I veronesi
Svanzica, al debutto, hanno le idee un bel po’ confuse sulla direzione musicale da intraprendere, sebbene amino spacciare questo loro limite per voglia di stupire e di fondere le loro diverse influenze, che sono le più disparate.
In questo “
Eos”, infatti, è possibile sentire un po’ di tutto, dal dark sound a là Cure, soprattutto nelle clean vocals del singer
Luca, al death metal, passando per parti acustiche, altre jazzate, digressioni dal sapore progressivo e via dicendo.

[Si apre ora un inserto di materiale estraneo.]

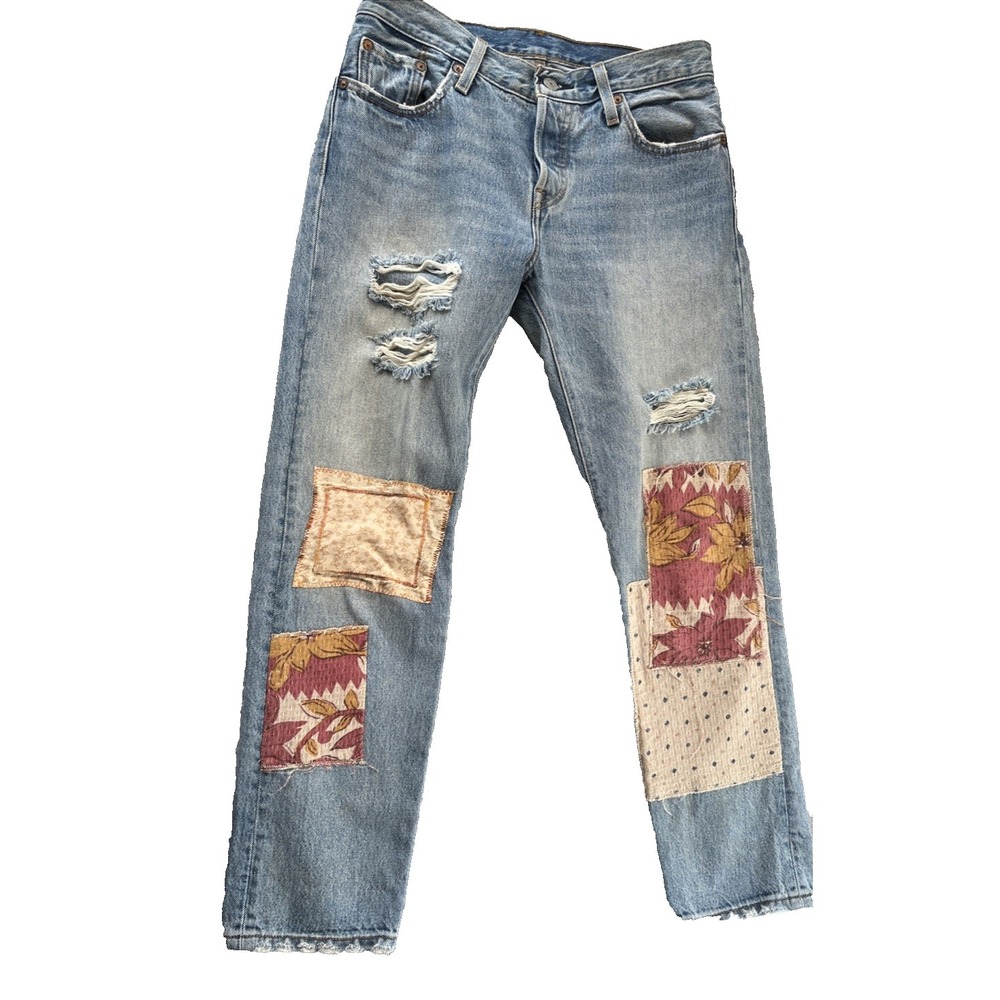 Levis 501 CT Jeans Women 30x27 (Tag 25x32) Distressed Patchwork Boho Taper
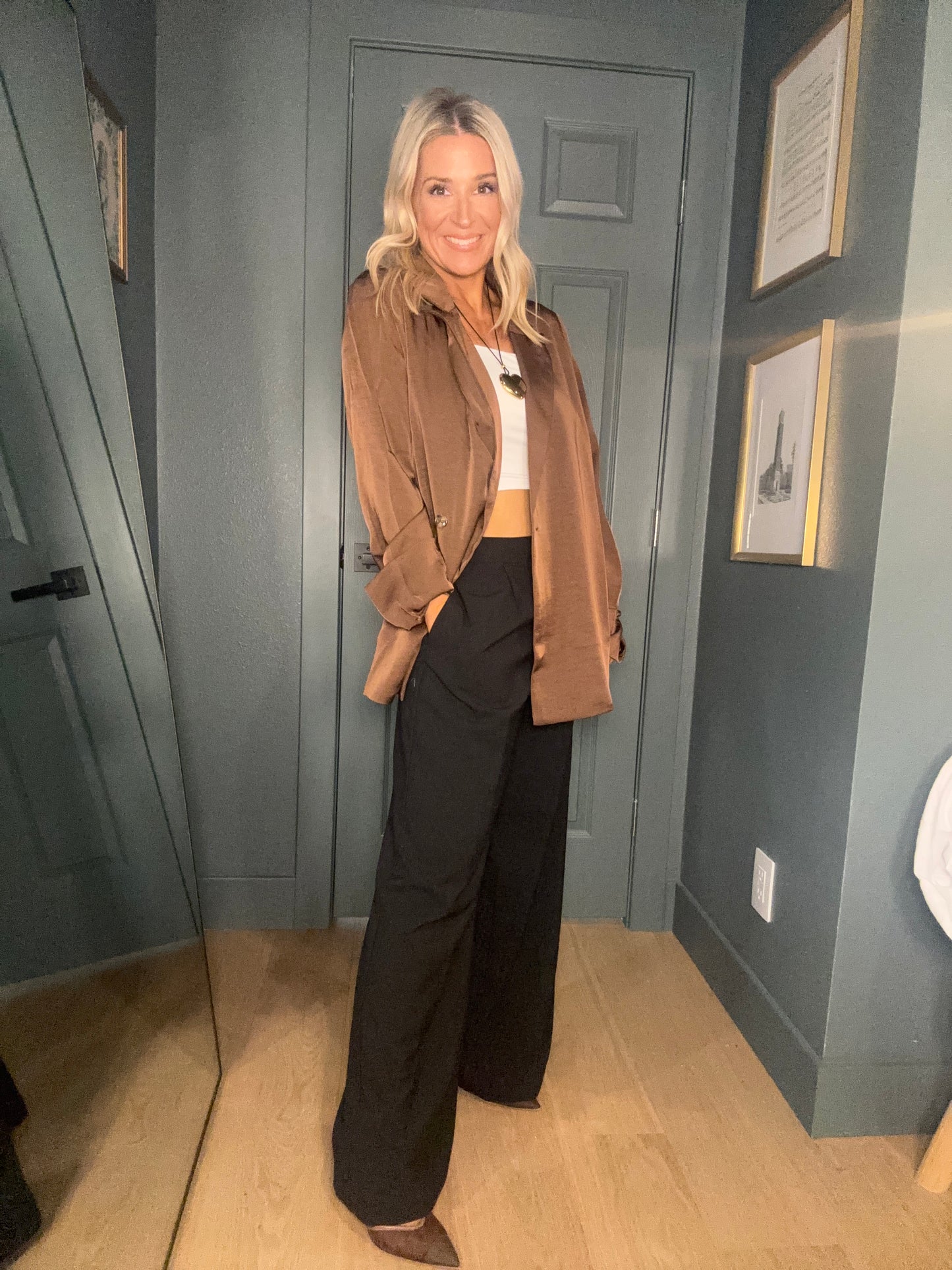 Oversized Satin Blazer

Il risultato è un minestrone che spesso, invece di sublimare i singoli ingredienti, è insipido e sciacquo, con canzoni che a volta non sanno di nulla (i primi tre pezzi passano senza lasciare quasi traccia). Bisogna aspettare “
Lirica Underground” per vedere qualcosa di interessante, soprattutto a livello melodico, prima che l’insana voglia di stupire della band rivolti la canzone come un guanto rendendola ancora una volta stucchevole, posticcia, forzata.
Tutto ciò è un peccato, perché la band le qualità tecniche le ha, se si esclude il cantante, il quale è davvero troppo monotono e inespressivo, nelle clean vocals, e assolutamente fastidioso quando va in growl. A proposito, le growling vocals sono l’esempio più lampante di quanto sto cercando di dire, che tradotto fa pressappoco “ci azzeccano come i cavoli a merenda”, rovinando il promettente inizio di “
Raindust Meraviglia”.
Il peccato originale degli
Svanzica si chiama mancanza di umiltà, il non sapere riconoscere i propri limiti compositivi. Non basta essere bravi musicisti per fare buona musica.
La pretenziosità della proposta si risolve in un misero fallimento, che speriamo dia modo alla band di fare mente locale ai prossimi passi. A volte basta saper suonare un solo genere e saperlo fare bene.